**DATA LISTING:**

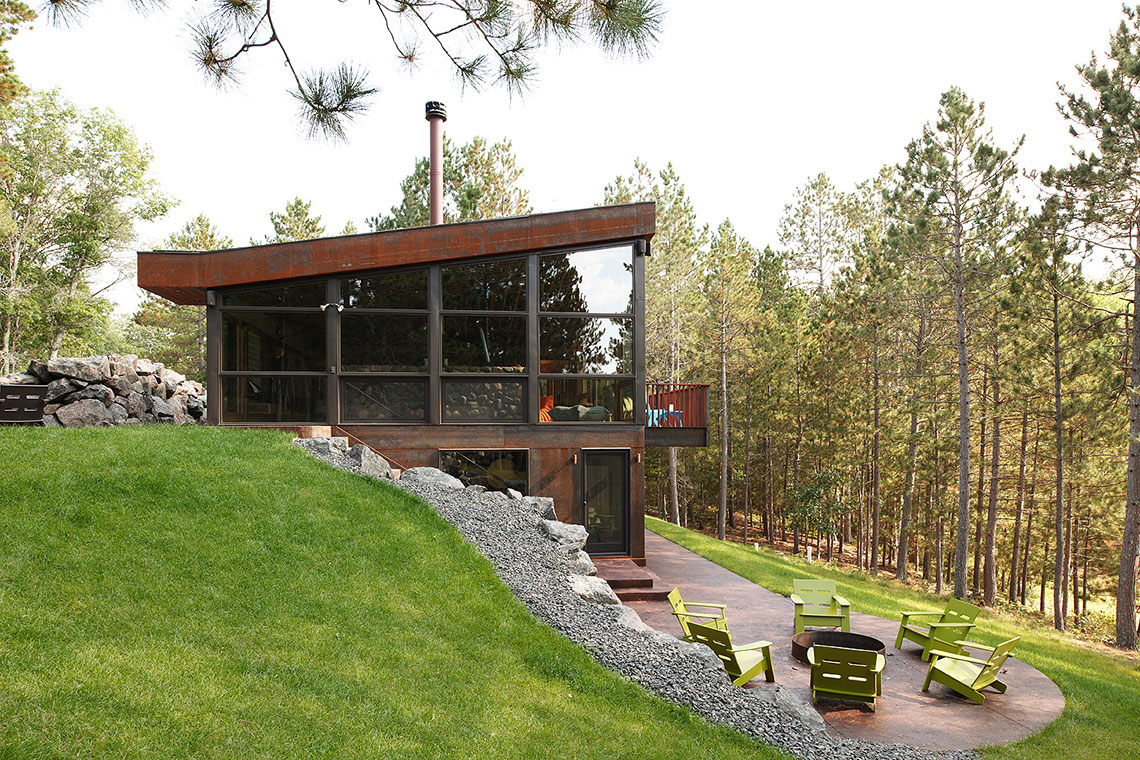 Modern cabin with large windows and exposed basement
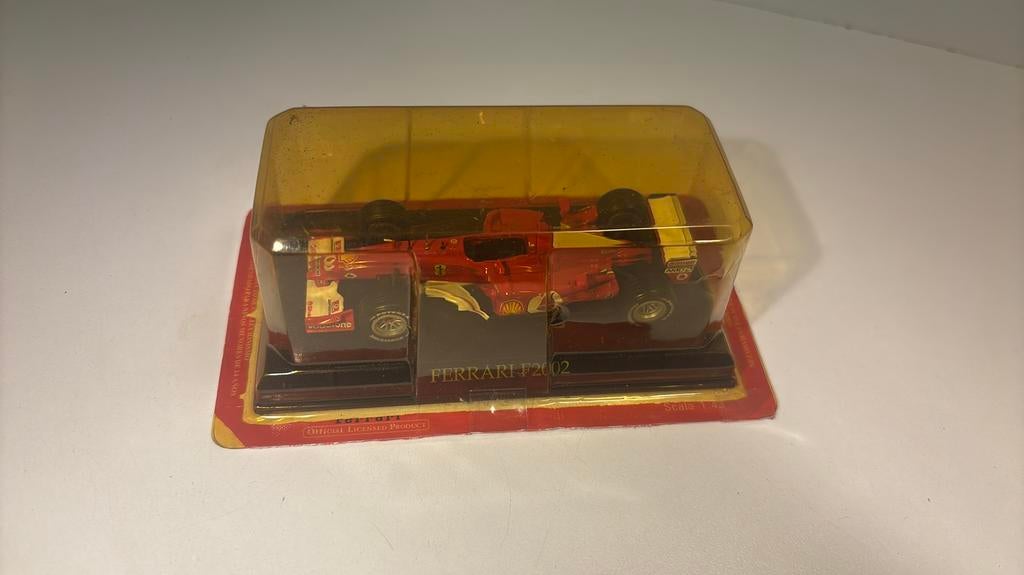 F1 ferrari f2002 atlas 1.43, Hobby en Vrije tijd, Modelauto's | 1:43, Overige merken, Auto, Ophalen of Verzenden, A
---
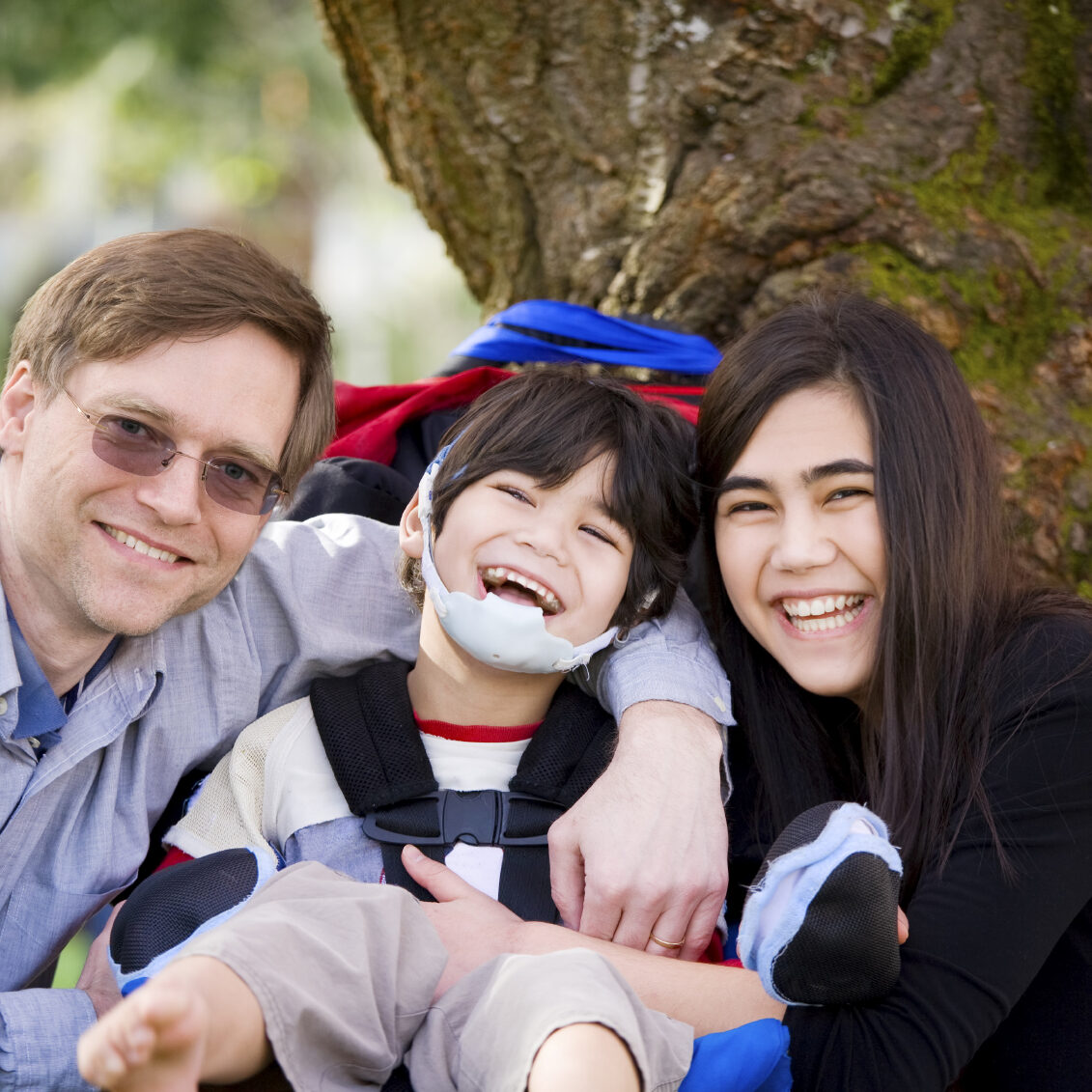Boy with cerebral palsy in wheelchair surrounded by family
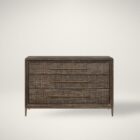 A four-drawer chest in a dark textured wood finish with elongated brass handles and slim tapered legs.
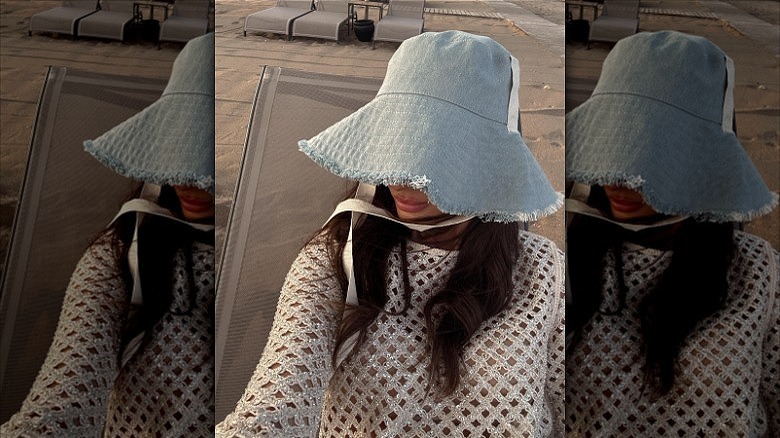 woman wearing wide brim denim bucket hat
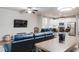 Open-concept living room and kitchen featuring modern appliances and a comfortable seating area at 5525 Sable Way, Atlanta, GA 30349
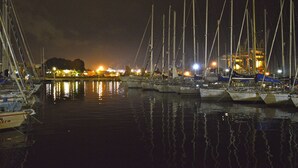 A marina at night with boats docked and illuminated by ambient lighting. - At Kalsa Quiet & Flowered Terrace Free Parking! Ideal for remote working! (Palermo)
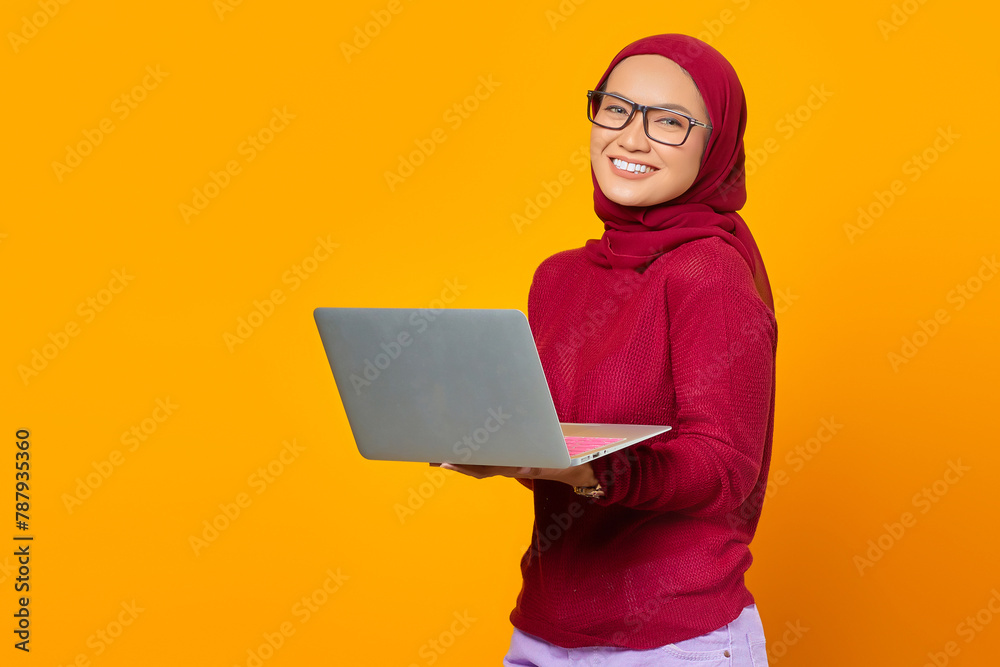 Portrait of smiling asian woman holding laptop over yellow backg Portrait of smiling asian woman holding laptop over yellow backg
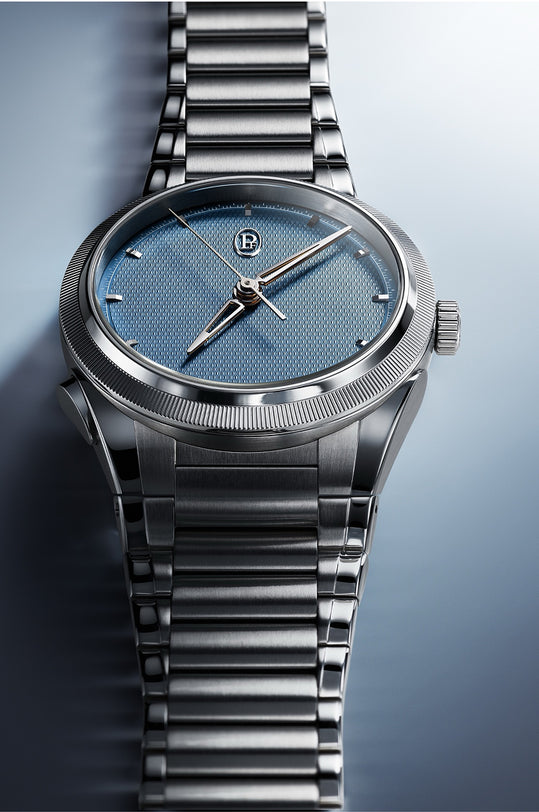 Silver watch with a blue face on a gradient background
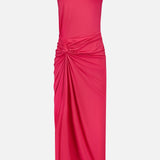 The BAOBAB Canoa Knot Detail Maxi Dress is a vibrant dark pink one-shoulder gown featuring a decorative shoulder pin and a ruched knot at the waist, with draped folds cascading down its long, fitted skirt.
--
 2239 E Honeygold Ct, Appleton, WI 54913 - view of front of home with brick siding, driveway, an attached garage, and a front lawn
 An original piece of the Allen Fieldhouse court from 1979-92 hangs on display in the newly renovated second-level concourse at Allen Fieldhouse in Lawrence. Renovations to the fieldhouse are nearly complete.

**TASK ITEM:** Taking the records above, print only and exactly the lines from the line with "Open-concept living room" to the line with "A marina at", both kept, and exclude pictures.

**EXPECTED ANSWER:**
 Open-concept living room and kitchen featuring modern appliances and a comfortable seating area at 5525 Sable Way, Atlanta, GA 30349
 A marina at night with boats docked and illuminated by ambient lighting. - At Kalsa Quiet & Flowered Terrace Free Parking! Ideal for remote working! (Palermo)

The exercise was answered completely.